(Input data begins)
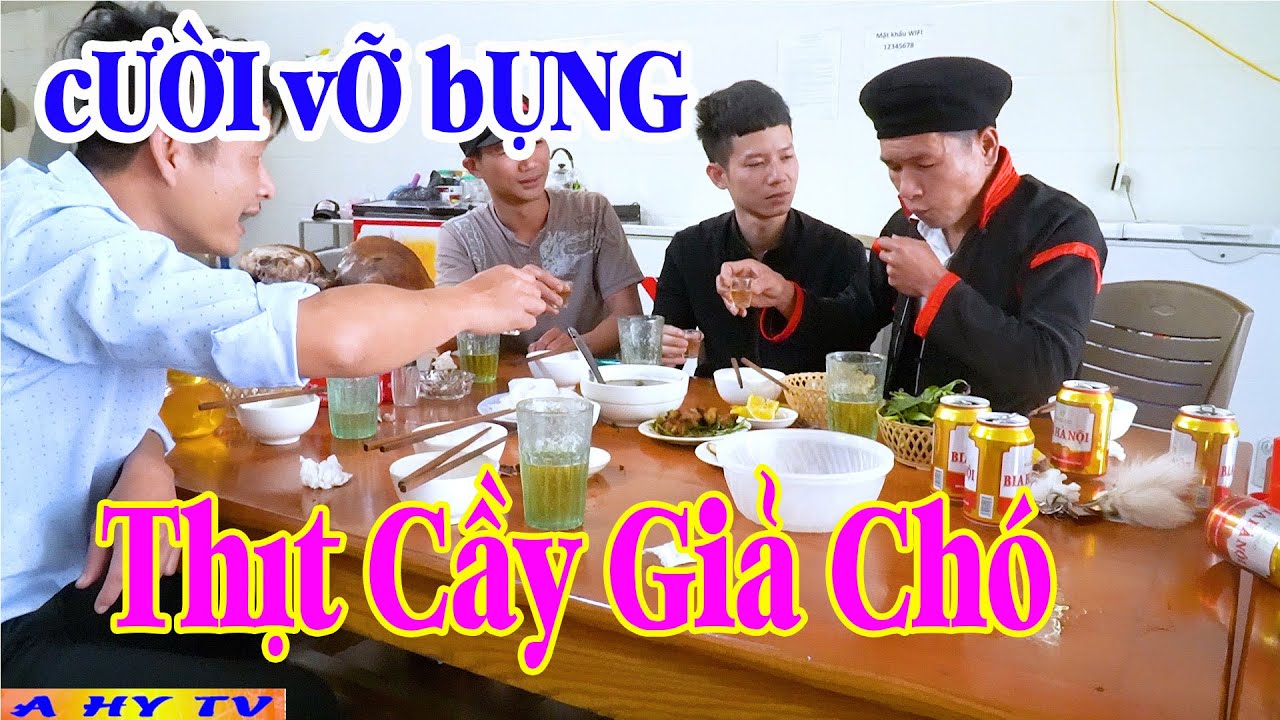 Thịt Cầy Giả Chó - Phim Hài Tết 2021 A Hy Mới Hay Nhất Cười Vỡ Mồm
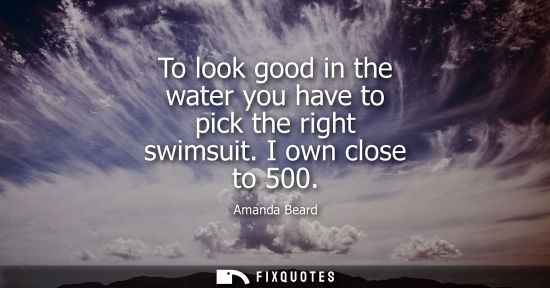 Small: To look good in the water you have to pick the right swimsuit. I own close to 500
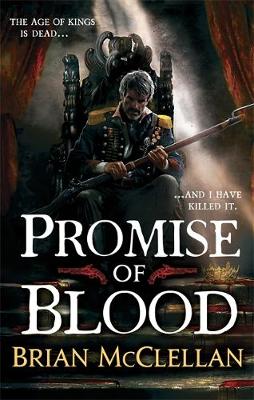 Brian McClellan - Promise of Blood - 9780356502007 - V9780356502007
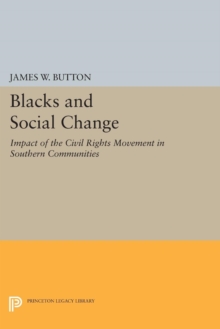 Blacks and Social Change : Impact of the Civil Rights Movement in Southern Communities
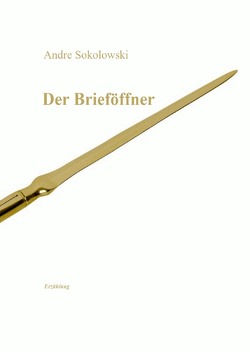 Der Brieföffner von Sokolowski,  Andre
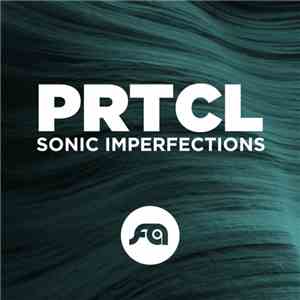 PRTCL - Sonic Imperfections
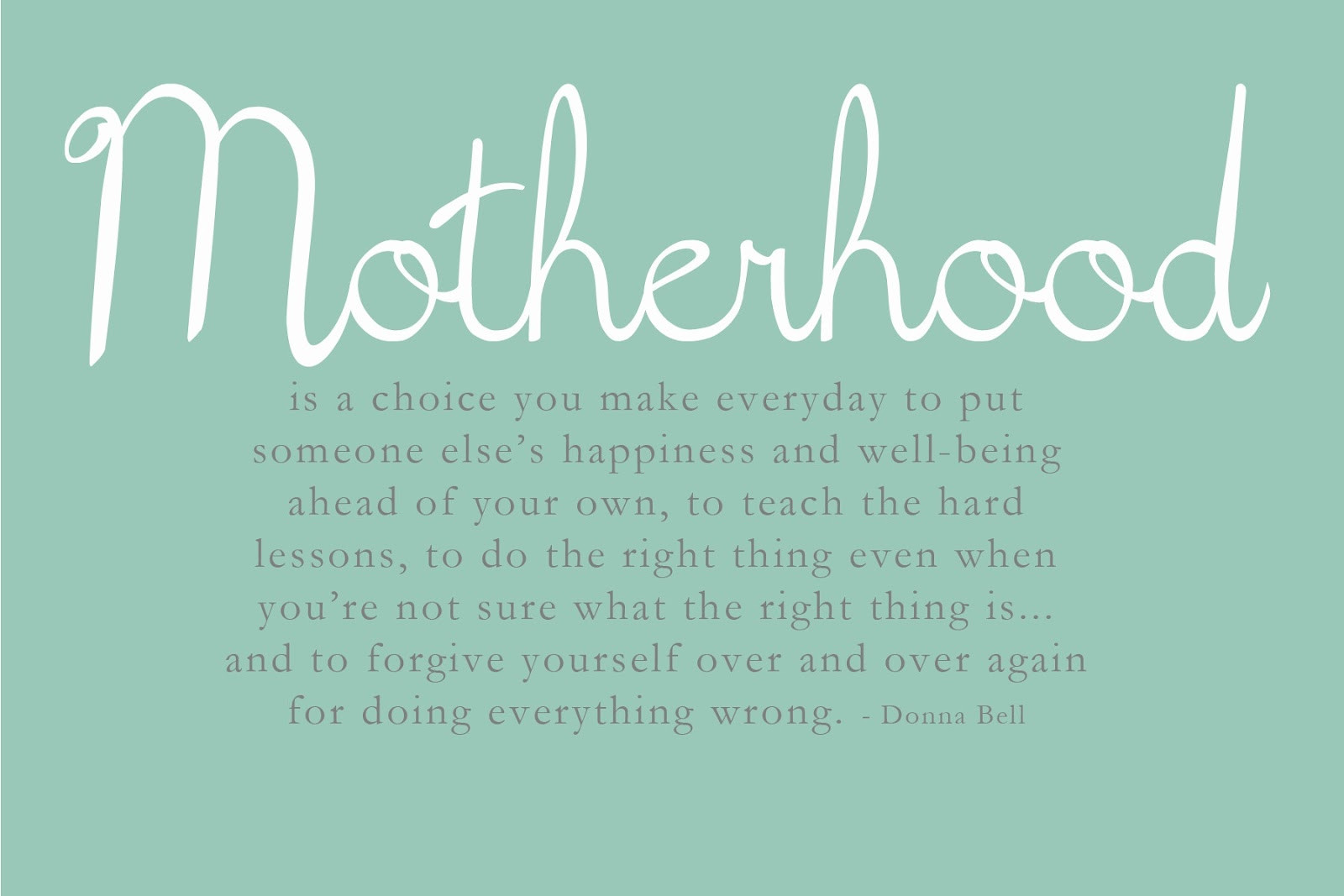 A Mother Quote
 Quotes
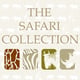 The Safari Collection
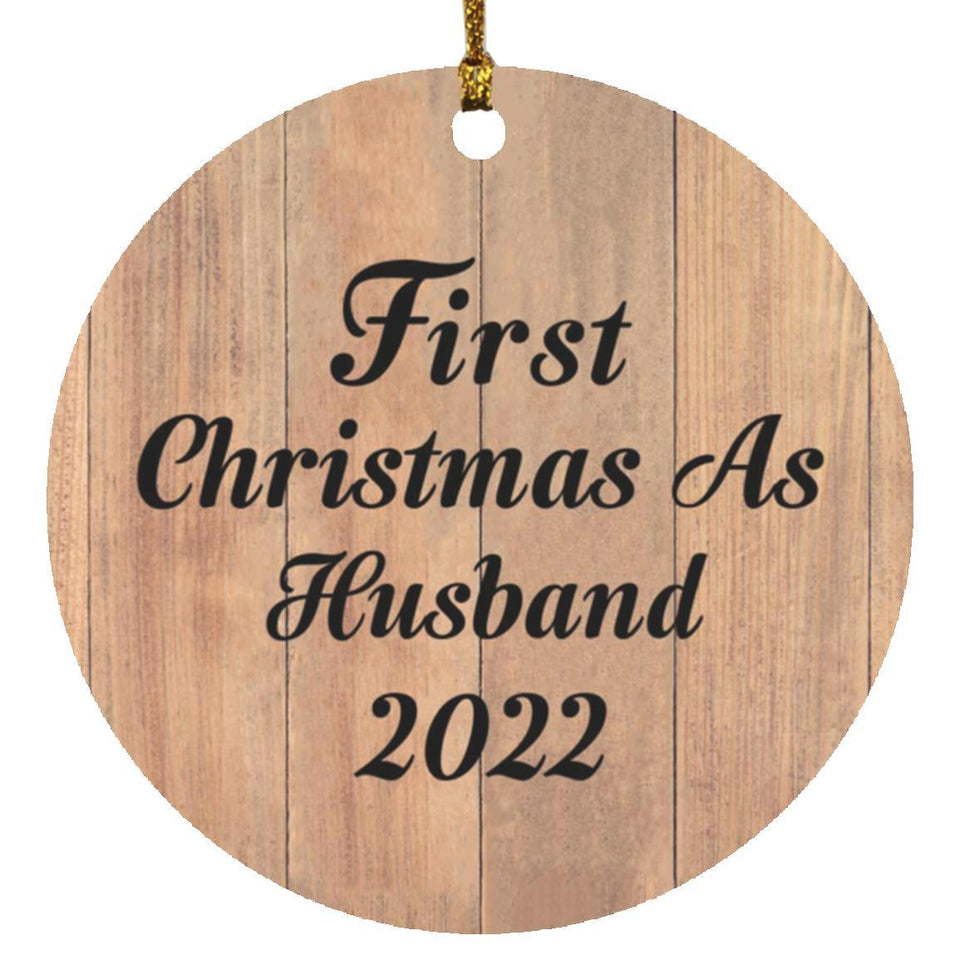 First Christmas As Husband 2022 - Circle Ornament C
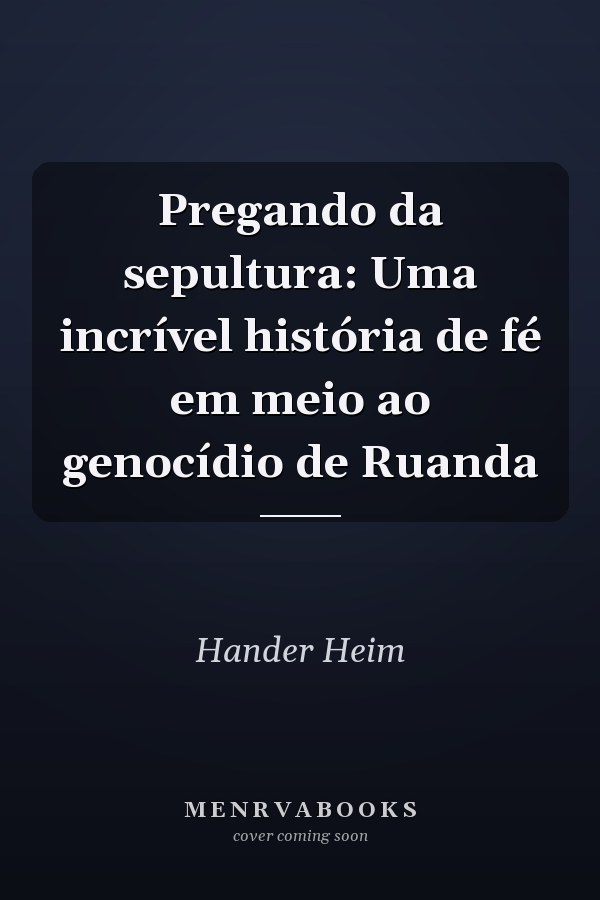 Pregando da sepultura: Uma incrível história de fé em meio ao genocídio de Ruanda
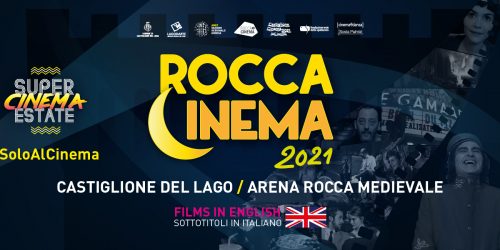 ROCCACINEMA 2021- PRIMA PARTE DAL 18/06 AL 5/8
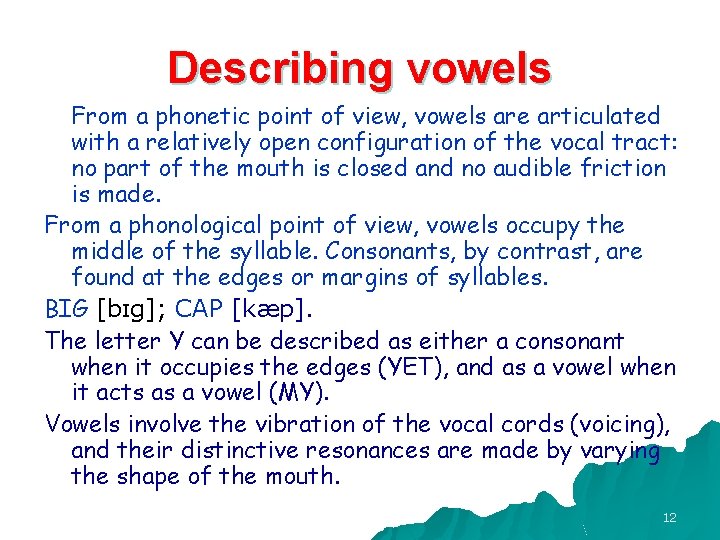 Describing vowels From a phonetic point of view, vowels are articulated with a relatively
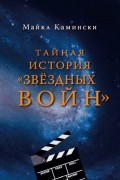 Майкл Камински - Тайная история "Звёздных войн"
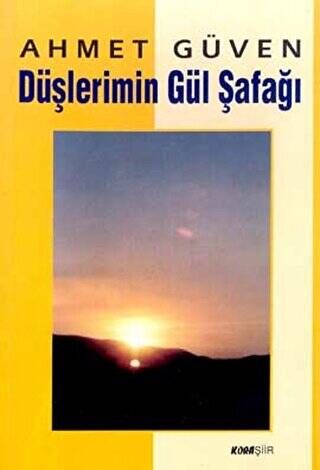 Düşlerimin Gül Şafağı - 1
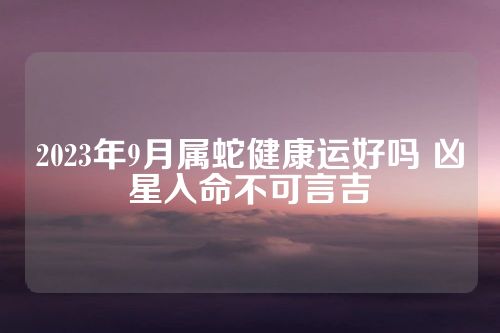 2023年9月属蛇健康运好吗 凶星入命不可言吉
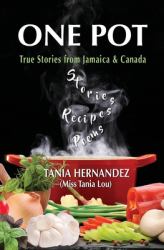 One Pot : True Stories from Jamaica & Canada, Recipes, Poems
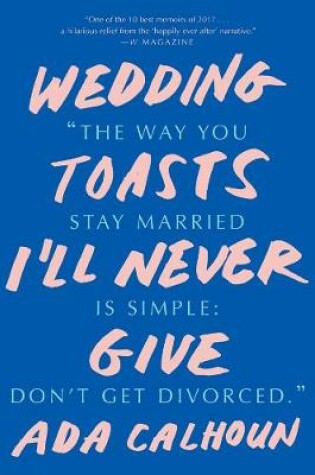 Cover of Wedding Toasts I'll Never Give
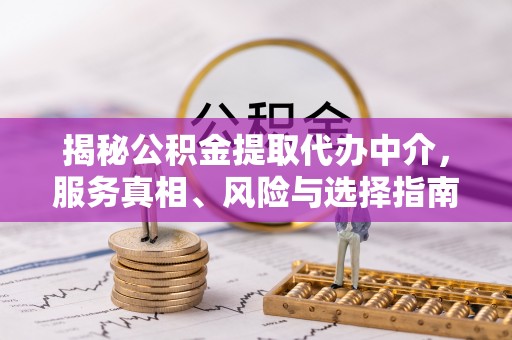 青秀揭秘公积金提取代办中介，服务真相、风险与选择指南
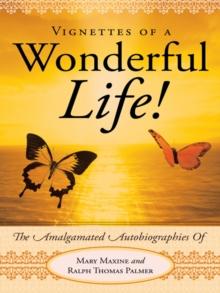 Vignettes of a Wonderful Life! : The Amalgamated Autobiographies of Mary Maxine and Ralph Thomas Palmer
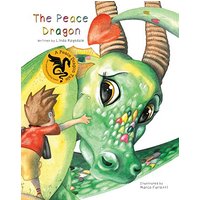 The Peace Dragon (Peace Dragon Tales)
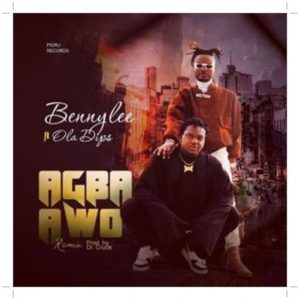 Download Bennylee ft. OlaDips - Agba Awo Mp3 Download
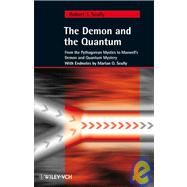 The Demon and the Quantum From the Pythagorean Mystics to Maxwell's Demon and Quantum Mystery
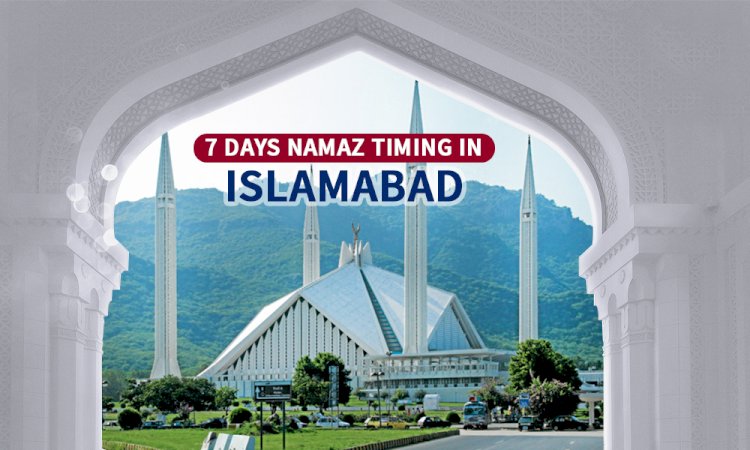 Namaz Timing In Islamabad & Adjacent Areas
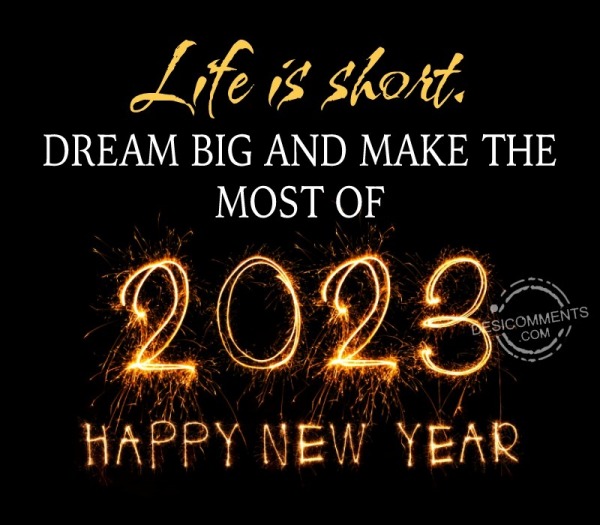Life Is Short. Dream Big And Make The Most Of 2023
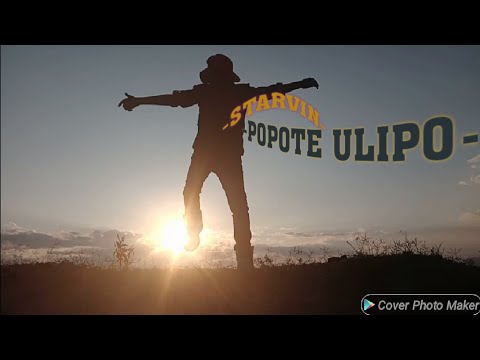 Starvin-Popote_Ulipo(Official_Music Video)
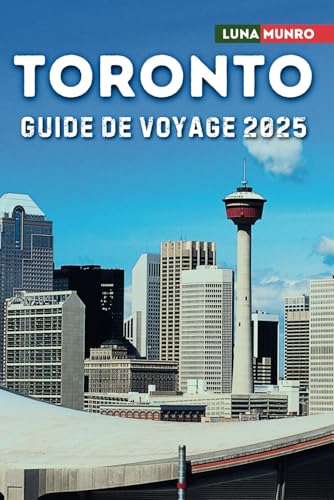 Toronto Guide de voyage 2025: Le manuel du voyageur ultime pour des aventures inoubliables, les principales attractions et les secrets locaux Toronto Guide de voyage 2025: Le manuel du voyageur ultime pour des aventures inoubliables, les principales attractions et les secrets locaux von Independently published
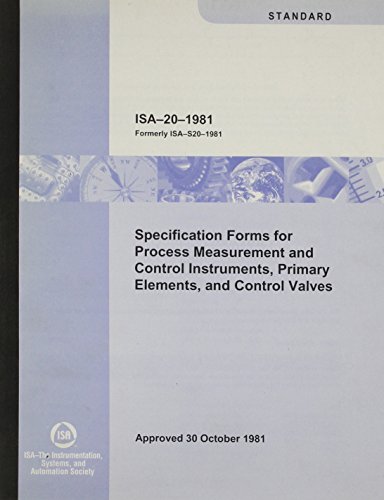 Specification Forms for Process Measurement & Control Instruments, Primary Elements & Control Valves: Isa Standard S20 (9780876643471) by [???]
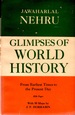 Glimpses of World History Being Further Letters to His Daughter Written in Prison, and Containing a Rambling Account of History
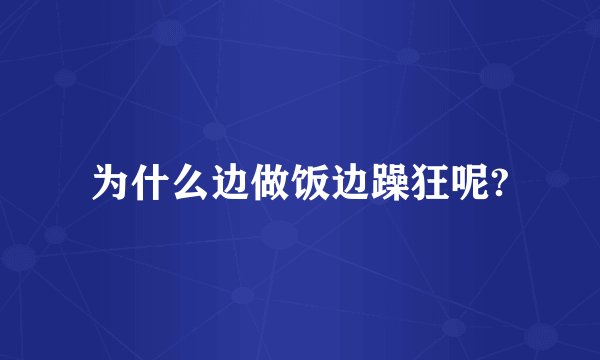 为什么边做饭边躁狂呢?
(Input data ends)
- **Task statement**: The lines above from the line with "Brian McClellan - Promise" through the line with "von Independently published" are to be given again word for word, with no pictures among them.

- **Answer area**:
 Brian McClellan - Promise of Blood - 9780356502007 - V9780356502007
 Blacks and Social Change : Impact of the Civil Rights Movement in Southern Communities
 Der Brieföffner von Sokolowski,  Andre
 PRTCL - Sonic Imperfections
 A Mother Quote
 Quotes
 The Safari Collection
 First Christmas As Husband 2022 - Circle Ornament C
 Pregando da sepultura: Uma incrível história de fé em meio ao genocídio de Ruanda
 ROCCACINEMA 2021- PRIMA PARTE DAL 18/06 AL 5/8
 Describing vowels From a phonetic point of view, vowels are articulated with a relatively
 Майкл Камински - Тайная история "Звёздных войн"
 Düşlerimin Gül Şafağı - 1
 2023年9月属蛇健康运好吗 凶星入命不可言吉
 One Pot : True Stories from Jamaica & Canada, Recipes, Poems
 Cover of Wedding Toasts I'll Never Give
 青秀揭秘公积金提取代办中介，服务真相、风险与选择指南
 Vignettes of a Wonderful Life! : The Amalgamated Autobiographies of Mary Maxine and Ralph Thomas Palmer
 The Peace Dragon (Peace Dragon Tales)
 Download Bennylee ft. OlaDips - Agba Awo Mp3 Download
 The Demon and the Quantum From the Pythagorean Mystics to Maxwell's Demon and Quantum Mystery
 Namaz Timing In Islamabad & Adjacent Areas
Life Is Short. Dream Big And Make The Most Of 2023
 Starvin-Popote_Ulipo(Official_Music Video)
 Toronto Guide de voyage 2025: Le manuel du voyageur ultime pour des aventures inoubliables, les principales attractions et les secrets locaux Toronto Guide de voyage 2025: Le manuel du voyageur ultime pour des aventures inoubliables, les principales attractions et les secrets locaux von Independently published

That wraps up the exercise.